Solved: Re: Open multiple Files

hogi · May 15, 2023 06:02 PM

I want to open multiple measurement files and concatenate them to a single file.

Unfortunately, due to the strange header of the files, it's not straightforward to use Import Multiple Files ...

So, I set up a for loop and load every file via open() ..., process it one by one, and then concatenate them.

It's astonishing how much slower for( open(...)) is compared to MFI.

Some tricks that I tried:

- load all files, concatenate once --> helps

- option "invisible" (to get rid of table updates) --> helps a lot

but still, no chance to reach the performance of MFI.

Any further tricks?

It should help to use MFI (without stacking), process the data tables separately then and concatenate them.
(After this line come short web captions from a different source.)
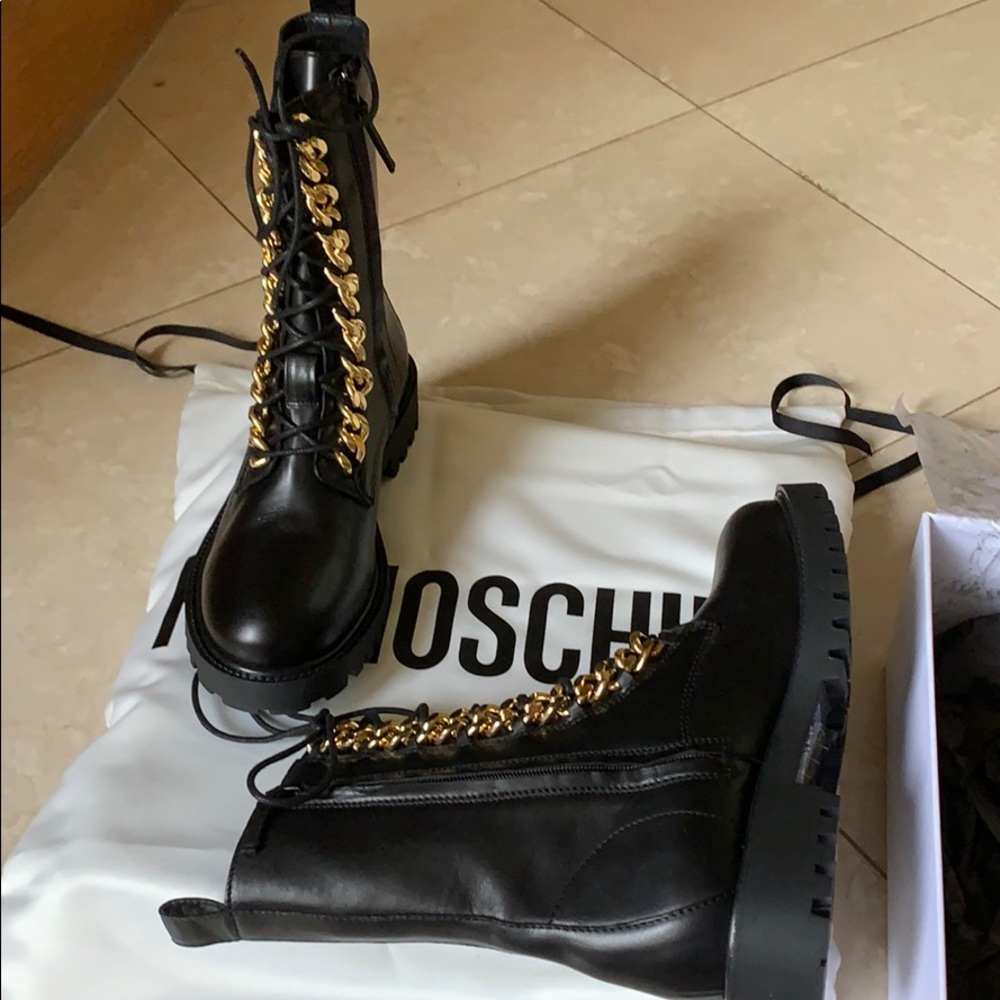 MOSCHINO X H&M Leather Boots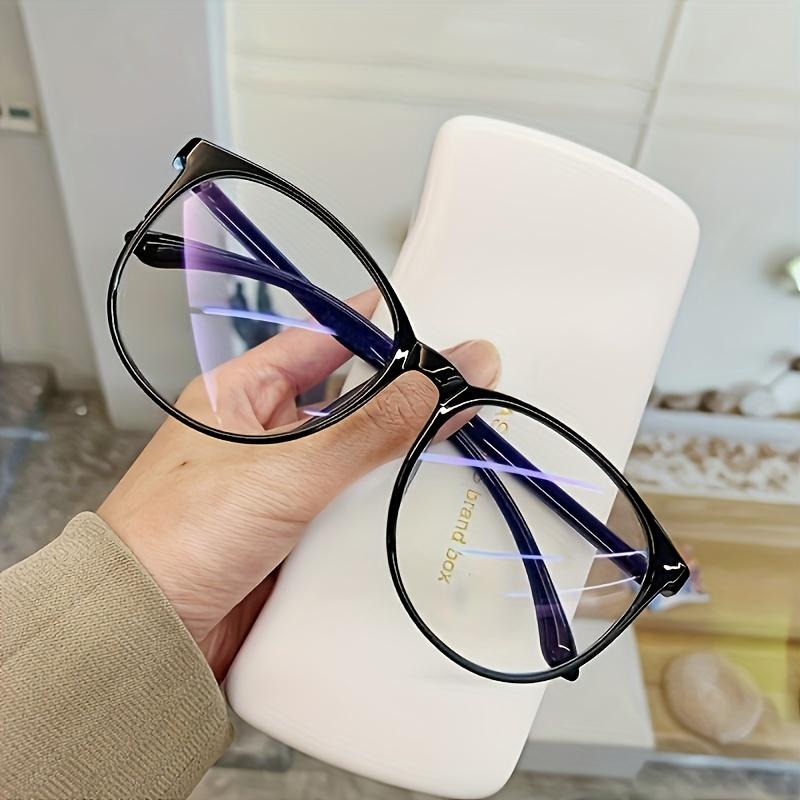 1pc Transparent Fashion Glasses Frame, Men's Large Frame Optical Round Glasses, ideal choice for gifts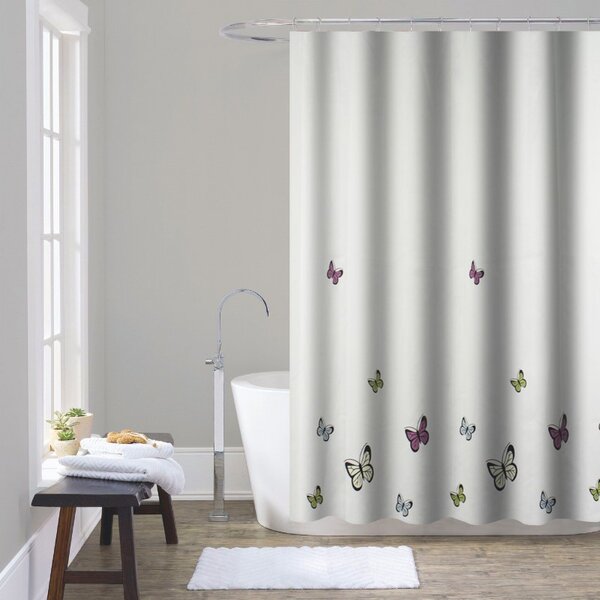 Zuhanyfüggöny - NEW BUTTERFLY - Impregnált textil -180 x 200 cm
Is there a command to tell MFI to open the files invisible?

Craige_Hales · May 16, 2023 10:20 AM

Something like this might work.

// use MFI to stack a mixed bag of tables...
// assumes "text" and "file name" are not columns in the data AND assumes
// no commas in the data values. Not sure how you would work around that.
dir = "$temp/testfiles/"; // make sample files here
Delete Directory( dir );
Create Directory( dir );
Save Text File( dir || "a.csv", "a,b,c\!n1,2,3\!n-1,-2,-3" );
Save Text File( dir || "b.csv", "junk\!nc,b,a,e\!n3,4,5,98\!n-1,-2,-3,-4" );
Save Text File( dir || "c.csv", "junk\!njunk\!nb,d,a,c\!n6,99,7,8\!n-1,-2,-3,-4" );

dtList = Multiple File Import(
    <<Set Folder( dir ),
    <<Set Add File Name Column( 1 ),
    <<Set Import Mode( "Row Per Line" ),
    <<Set Stack Mode( "Stack Similar" )
) << Import Data;

dt = dtList[1];

// clean up "junk". It might not be this simple for your data...
dt << selectwhere( Contains( text, "junk" ) );
dt << deleterows;

// hunt for unique column names
headerrows = dt << getrowswhere( Row() == 1 | FileName[Row()] != FileName[Row() - 1] );
uniquecols = Associative Array( Words( Concat Items( Transform Each( {header}, dt[headerrows, {text}], header[1] ), "," ), "," ) ) << getkeys;

// add the unique column names, character data for now...
For Each( {cname}, uniquecols, dt << New Column( cname, character ) );

// transfer data from text to unique cols.
headerrows |/= N Rows( dt ) + 1; // append sentinel
For( iheader = 1, iheader < N Rows( headerrows ), iheader += 1,
    cols = Words( dt:text[headerrows[iheader]], "," );
    startrow = headerrows[iheader] + 1;
    stoprow = headerrows[iheader + 1] - 1;
    For( irow = startrow, irow <= stoprow, irow += 1,
        dt[irow, cols] = Words( dt:text[irow], "," )
    );
);

// remove the headers and left over bits
dt << selectrows( headerrows[1 :: N Rows( headerrows ) - 1] );
dt << deleterows;
dt << delete columns( {text, file name} );
dt << delete scripts( "files" );
dt << delete scripts( "source" );

cleaned up

Now you'll have to decide which columns are numeric...

Craige

View solution in original post

hogi · May 17, 2023 02:03 PM

How about this:

use the ultra-fast MFI-Import (with csv-option)
separate the input files via Subset(private)
postprocess the data to get meaningful column names [here just a moveup]
concatenate the files

// use MFI to stack a mixed bag of tables...
// assumes "text" and "file name" are not columns in the data AND assumes
// no commas in the data values. Not sure how you would work around that.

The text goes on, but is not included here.